# Carolina Miami or standard corn?



## charlie2e1dxy (Feb 29, 2008)

Here is a pic of my male cornsnake i recently bred with my Amel Motley female.
There was a 50% standard/miami etc and 50% Amel motley ratio of hatchlings.
We would like suggestions on this snakes morph as we was sold it as a miami phase, but have been informed it may not be!


----------



## Ssthisto (Aug 31, 2006)

"Miami" is a selectively bred morph; there's no "on" or "off" but more of a spectrum of "normal" ranging from the very orange-backgrounded Okeetees to the silver-backgrounded Miamis.

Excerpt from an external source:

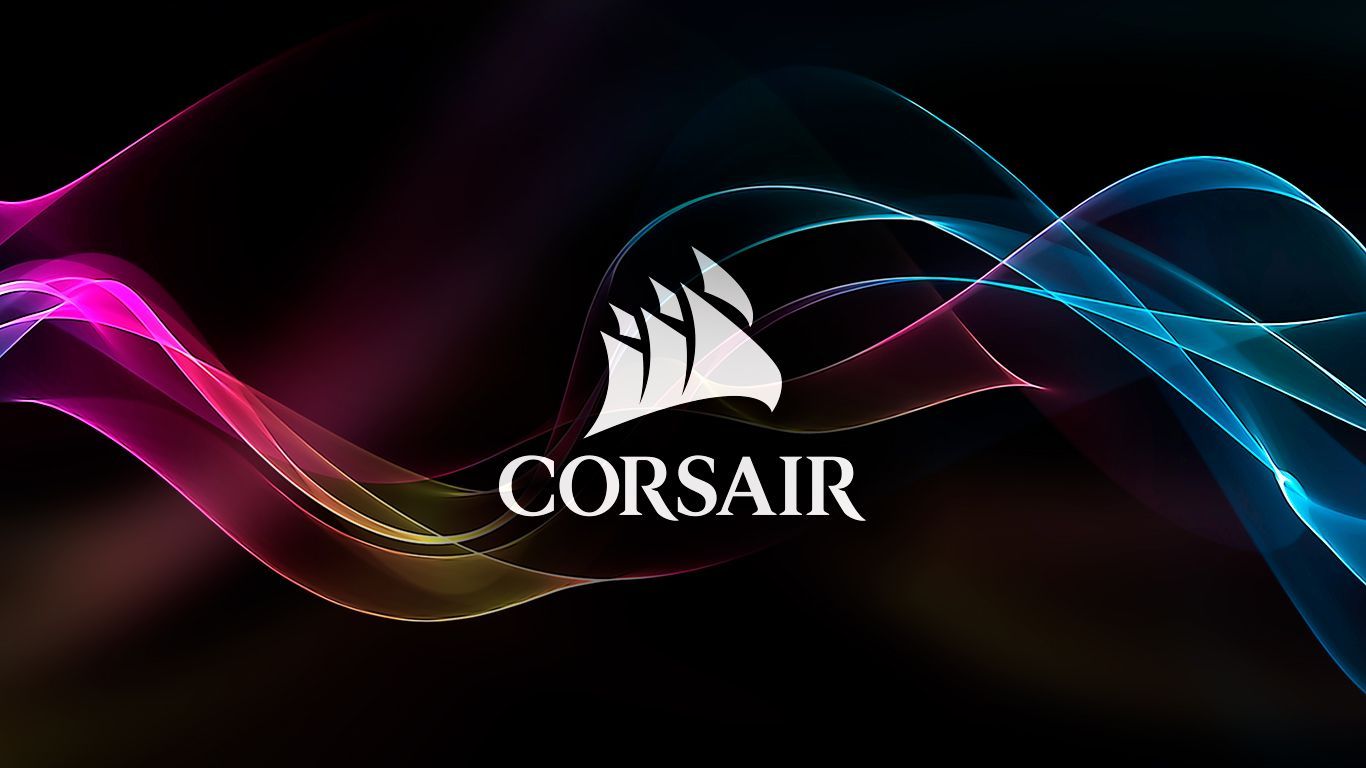 Corsair nộp đơn để phát hành cổ phiếu lần đầu ra công chúng với số tiền 100 triệu USD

I personally would not call your snake a Miami, because the ideal Miami is a silver or steel grey snake with coloured saddles, like these:

http://farm4.static.flickr.com/3199/2337560263_f3f506a05c.jpg?v=0
http://www.cornsnakes.net/gallery/mi009jy4.jpg
Miami corn ssnake image by justanotherhominid on Photobucket

Because it's a selectively bred morph, I believe the name is better reserved for animals that are really, really STRONGLY showing the traits for which the morph was bred. In this case, silver-steel background and bright coloured saddles.


----------



## CrazyWolf84 (Apr 30, 2009)

*??*

looks to me like a common or possibly an Okotee.
i thought miami phase was more a grey /silver 
than a biscuit / tan .
not sure i am new to this ..


----------



## eeji (Feb 22, 2006)

miamis are anywhere between grey and tan backgrounds with orange to red saddles, so the locality is very diverse.

If a corn isn't traceable back to miami roots, most will get called plain ol' normals unless they're really showing the grey background.


----------



## gazz (Dec 9, 2006)

IMO i'd go with a Copper corn a Red rat snake X Great plain rat snake by the color tone and it being quite wide behind the eyes.Your one looks to be influanced by Okeetee phase by the black around the saddles.So likly has Okeetee ancestory.

Yours.










Copper corn-(Red rat snake X Great plain rat snake).


----------



## charlie2e1dxy (Feb 29, 2008)

Thanks that does look like mine!!:lol2:


----------